Su carácter extrovertido, su magnética personalidad y su predisposición para eludir los conflictos le granjeó la simpatía y el cariño de los muchos que le conocieron. Será recordado por sus expresiones desternillantes, ‘calés’ en algunas ocasiones, ingeniadas en otras muchas. Podría haber escrito un diccionario con aquellas palabras: ‘rañadero’, ‘jurdos’, ‘langueta’, ‘murguero’, ‘parienta’, ‘mol’, ‘acais’… y su manida coña con: «“toc, toc, ¿quién es? Soy Vicente».

Tenía la costumbre de agarrar alguna de ellas y no soltarla durante un largo periodo de tiempo. Como si se propusiera exprimir hasta la última gota de jugo, como hacía con la vida.

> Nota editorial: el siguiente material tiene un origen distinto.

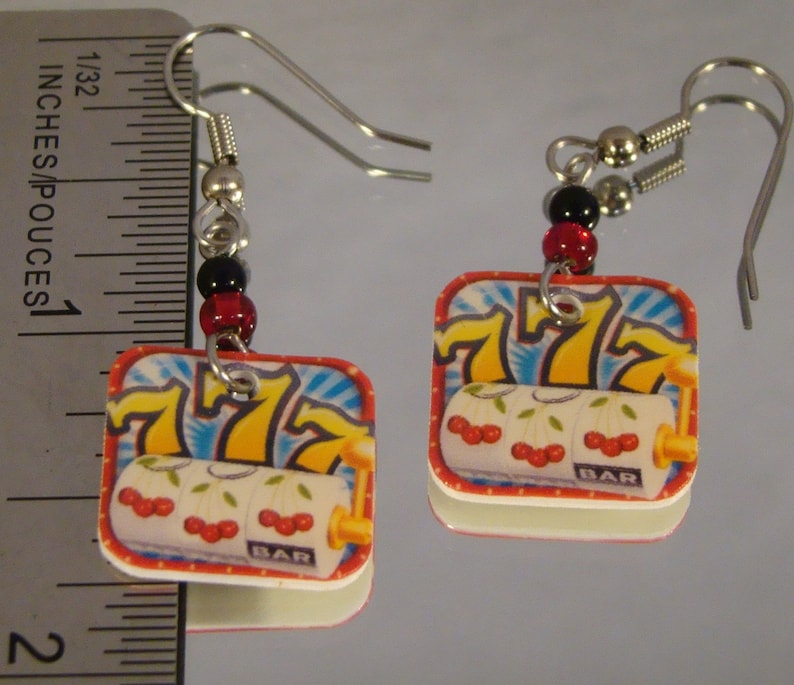 May include: A pair of square earrings featuring a slot machine design. The earrings have a red border, a white background with cherries, and the number 7. The earrings are approximately 1 inch in length.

Disponía de un mote para cada cual convenientemente concebido: ‘Cos’, ‘Triki’, ‘Restri’, ‘Illo’, ‘Telarines’, ‘Eins’, ‘Parlapuñaos’, ‘Esfiri’... Y como su madre, devoraba las novelas de Marcial Lafuente Estefanía. Era persona de usos y costumbres. Disfrutaba como nadie de los pequeños placeres: una siesta, un partido de fútbol, un vaso de vino (a pesar de beberlo siempre con gaseosa, porque así se engañaba argumentando que de ese modo pegaba menos)… Pero, sobre todo, disfrutaba de la vida, de su familia y sus amigos, con los poros bien abiertos sin esperar a saber si mañana sería otro día. Entonces, ya se vería.

Vivió como quiso y dejó vivir, seguramente no haya muchos que puedan decir lo mismo al final del camino. Probablemente porque tal circunstancia únicamente está reservada para personas con un inteligencia emocional superior.

Le echaremos mucho en falta, pero cada vez que nuestra memoria se vea invadida por sus recuerdos, esbozaremos esa sonrisa traviesa con la que acompañaba aquel: «¡portero, tuya!». Así era mi tío: genio y figura.